Image-text web data:
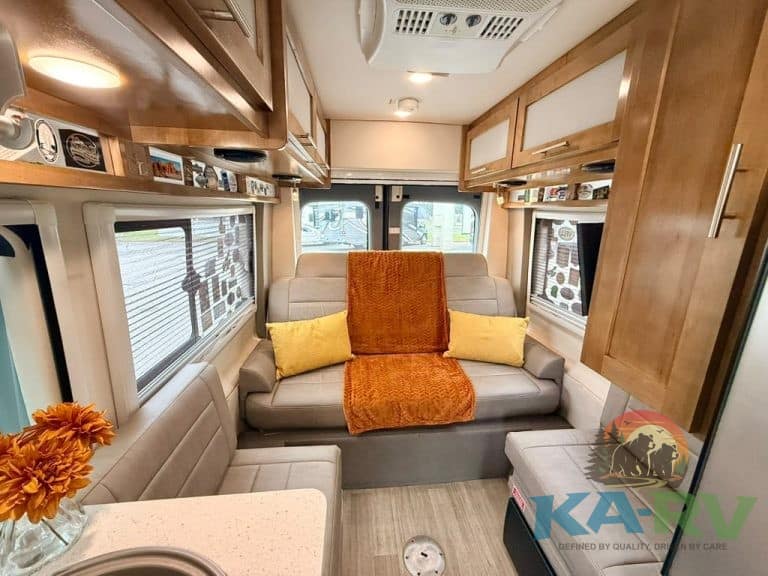 Cozy RV living area with sofa, pillows, and windows.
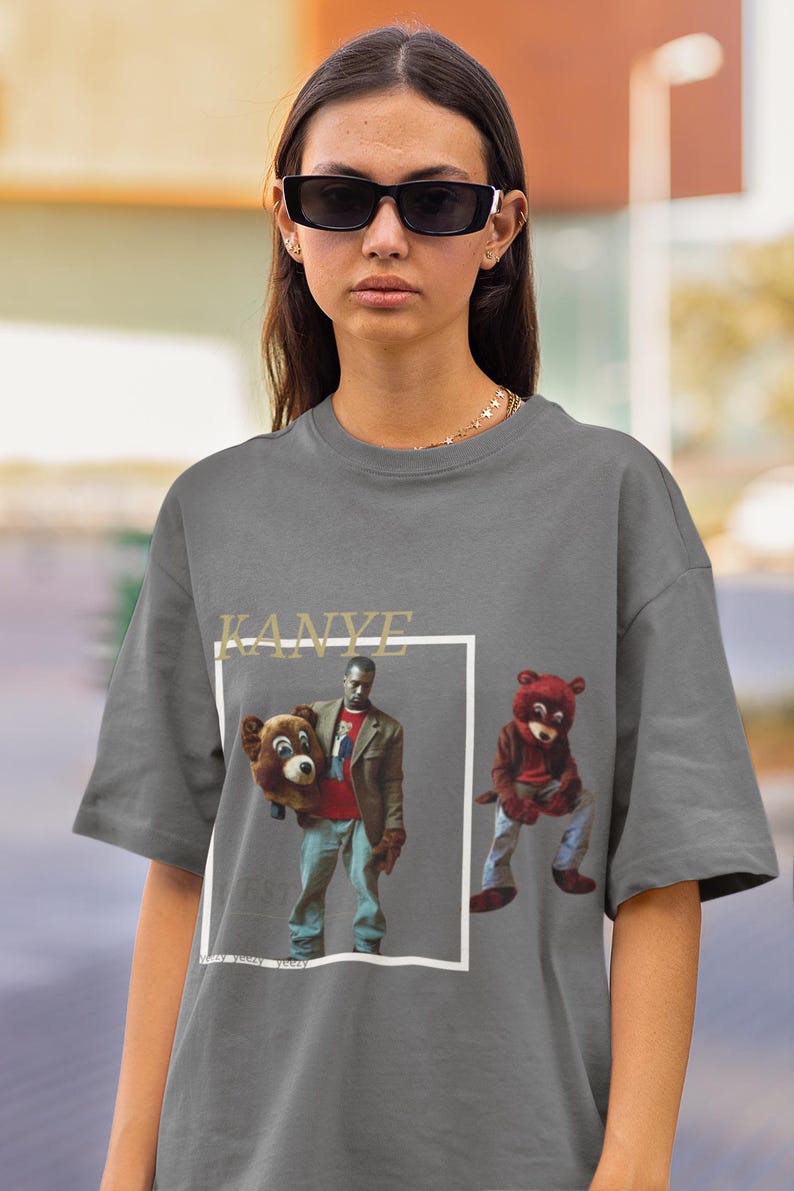 May include: A grey t-shirt featuring a graphic print of Kanye West holding a bear and another bear sitting down. The text "KANYE" is printed above the graphic.
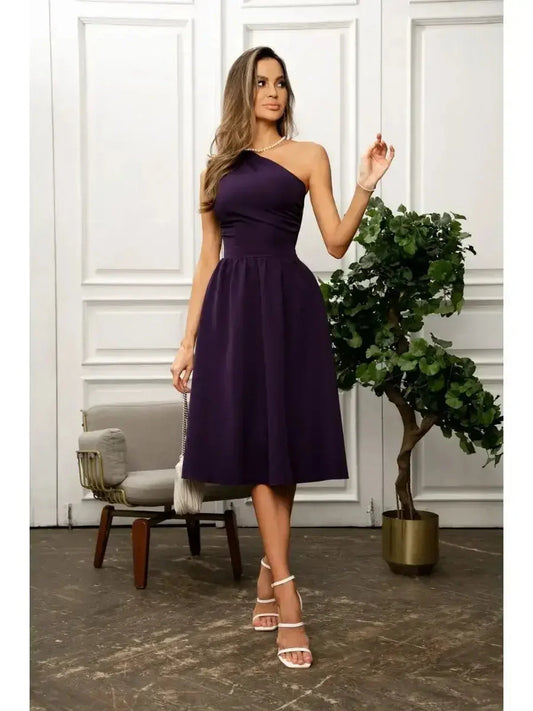 Model wearing a deep purple one-shoulder midi dress, showcasing elegance for weddings and formal occasions.
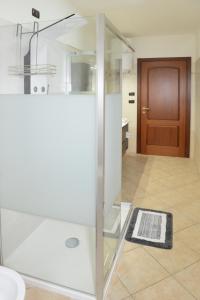 y baño con ducha de cristal y puerta de madera. en Casa Vacanza Il Dolce Mare, en Alghero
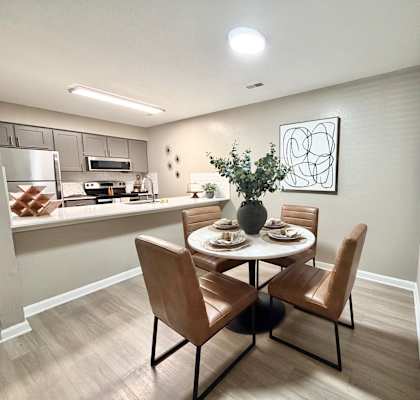 A dining room with a table set for two and a kitchen area in the background.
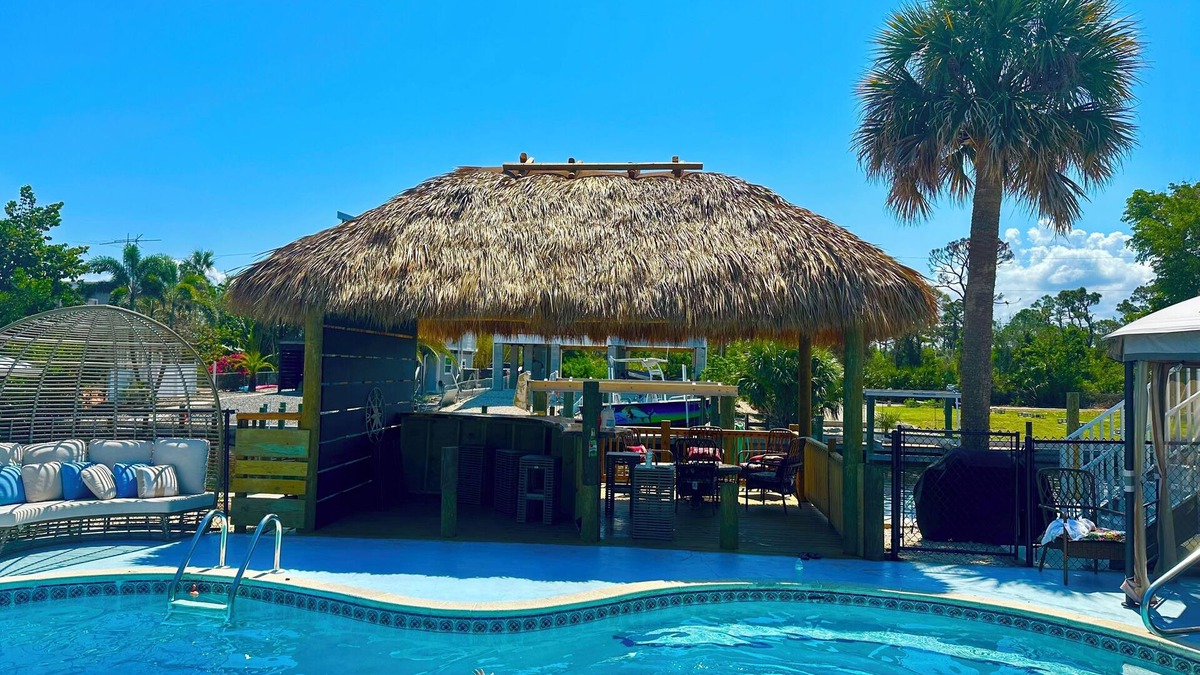 Bokeelia House | Boater’s Paradise! Beautiful Home on the Water with 2 Boat Lifts & Dockage Space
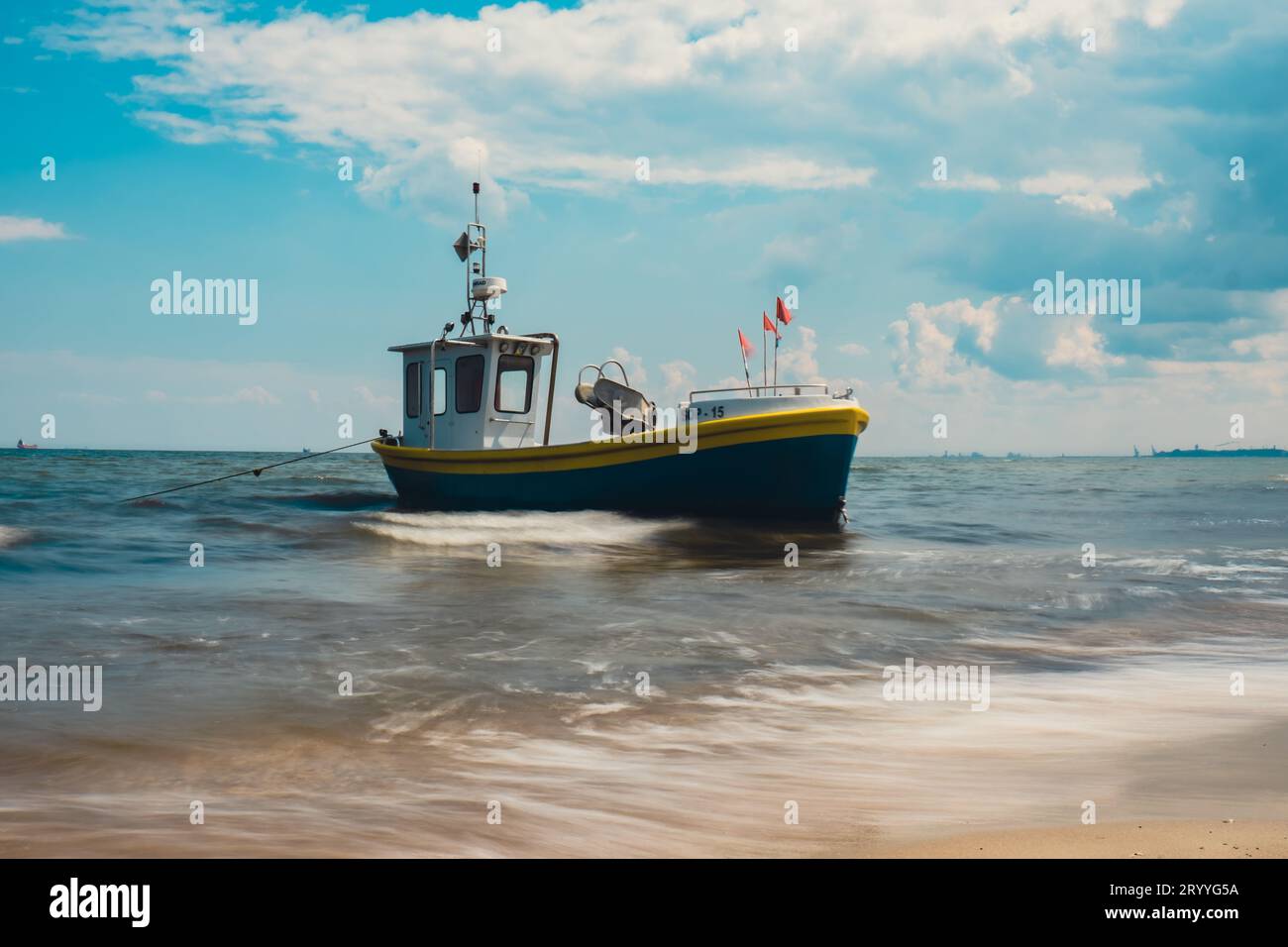 Fishing boat on the beach in Sopot, Poland. Magnificent long exposure calm Baltic Sea. Wallpaper defocused waves. Fishermans sea Stock Photo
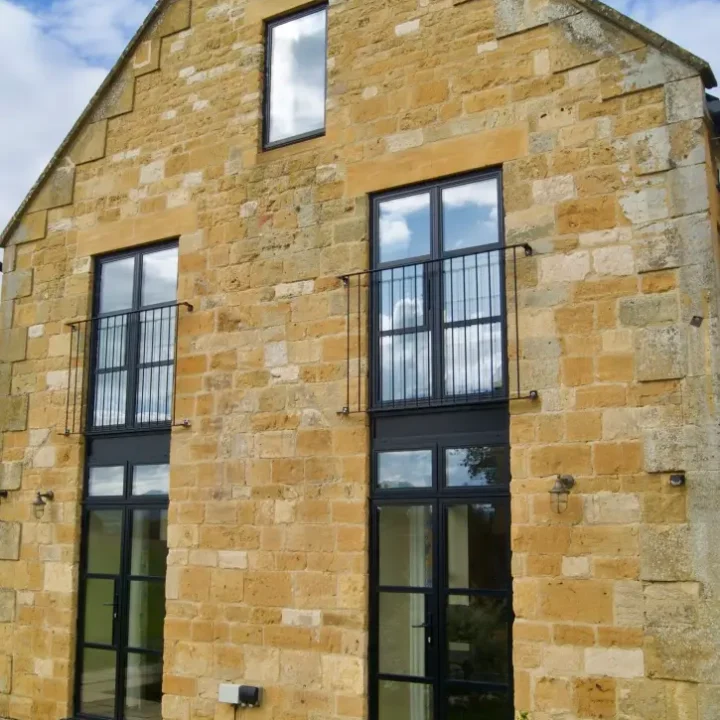 KP Glazing London A modernised stone barn conversion with large black-framed windows and a high gable roof, set against a blue sky with white clouds. There are flowers and paving stones in the foreground.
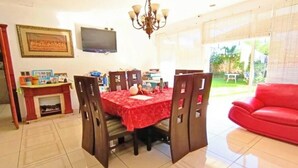 A dining area with a red tablecloth, wooden chairs, a chandelier, a television on the wall, and a red sofa in the living area. - Spacious 4 bedroom&Pool and 2 jacuzzis, WiFi, AC In Amazing area in San Salvador (San Salvador)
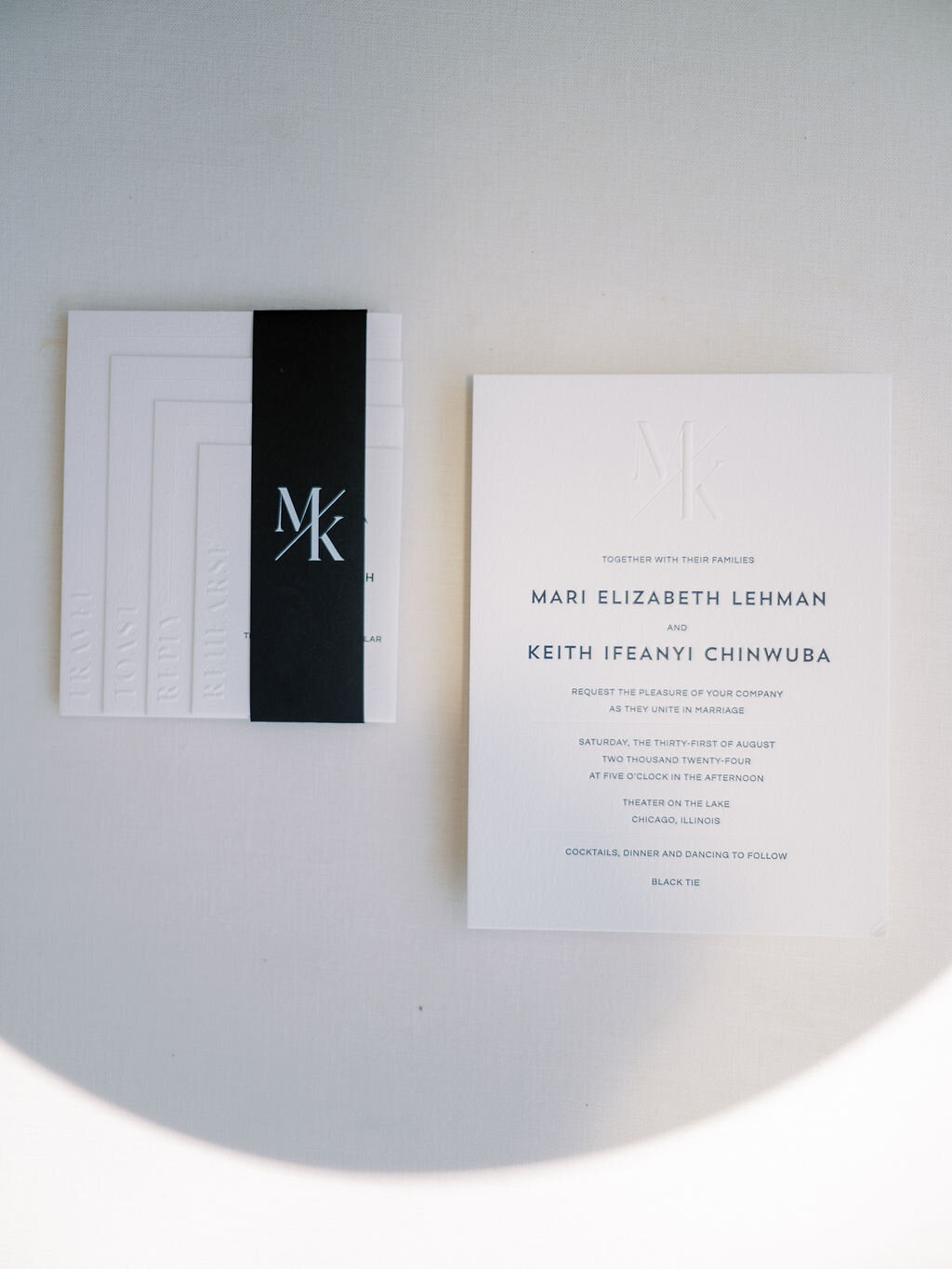 A wedding invitation set with classic typography and embossed details, featuring the couple’s initials and wedding details.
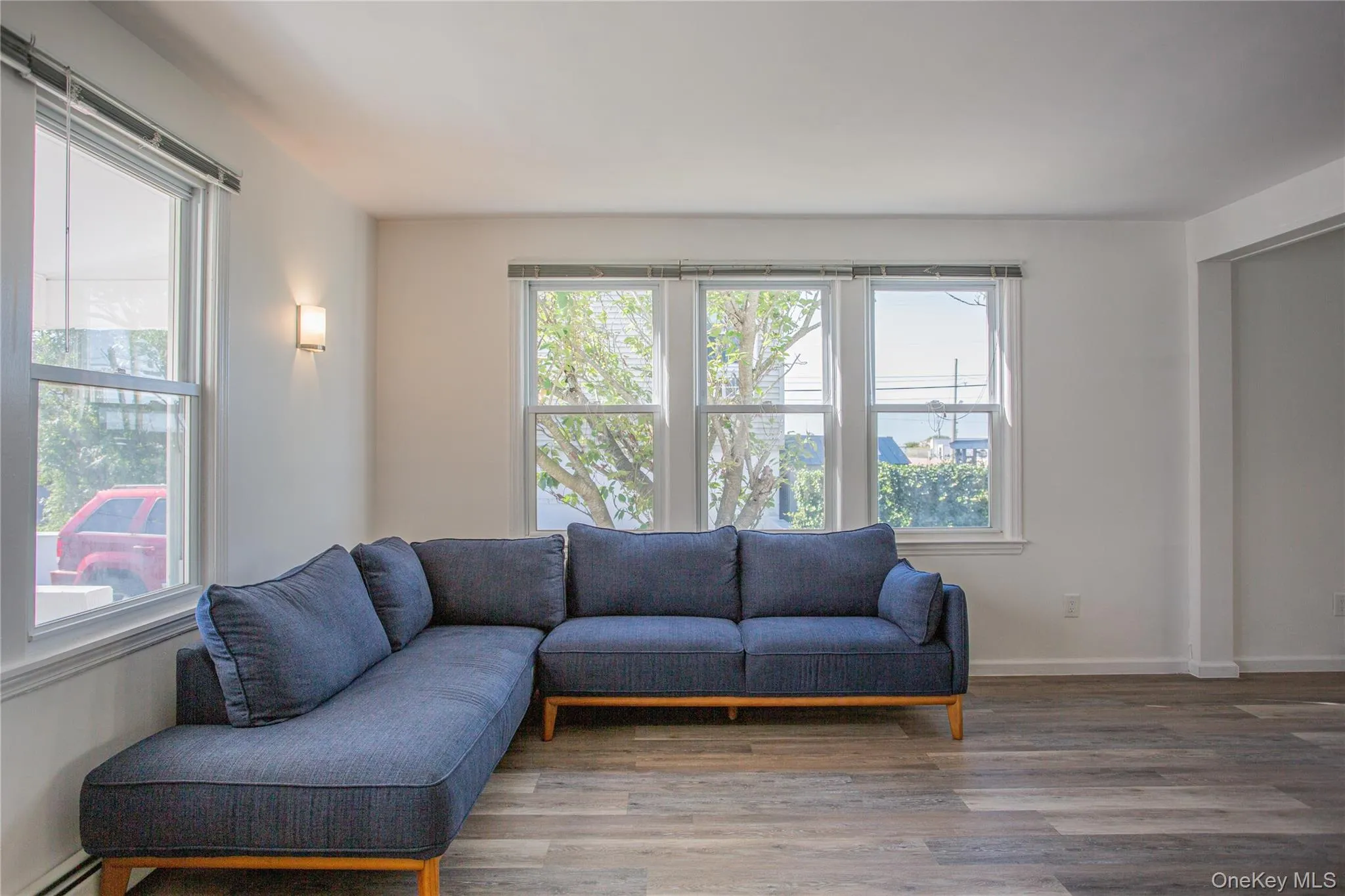 Living area with light wood finished floors and baseboard heating Living area with light wood finished floors and baseboard heating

Exercise details
Starting at the line above that holds "A dining room", return each line up to and including the one that holds "A wedding invitation", exactly as written, minus any pictures.

Result for this exercise
 A dining room with a table set for two and a kitchen area in the background.
 Bokeelia House | Boater’s Paradise! Beautiful Home on the Water with 2 Boat Lifts & Dockage Space
 Fishing boat on the beach in Sopot, Poland. Magnificent long exposure calm Baltic Sea. Wallpaper defocused waves. Fishermans sea Stock Photo
 KP Glazing London A modernised stone barn conversion with large black-framed windows and a high gable roof, set against a blue sky with white clouds. There are flowers and paving stones in the foreground.
 A dining area with a red tablecloth, wooden chairs, a chandelier, a television on the wall, and a red sofa in the living area. - Spacious 4 bedroom&Pool and 2 jacuzzis, WiFi, AC In Amazing area in San Salvador (San Salvador)
 A wedding invitation set with classic typography and embossed details, featuring the couple’s initials and wedding details.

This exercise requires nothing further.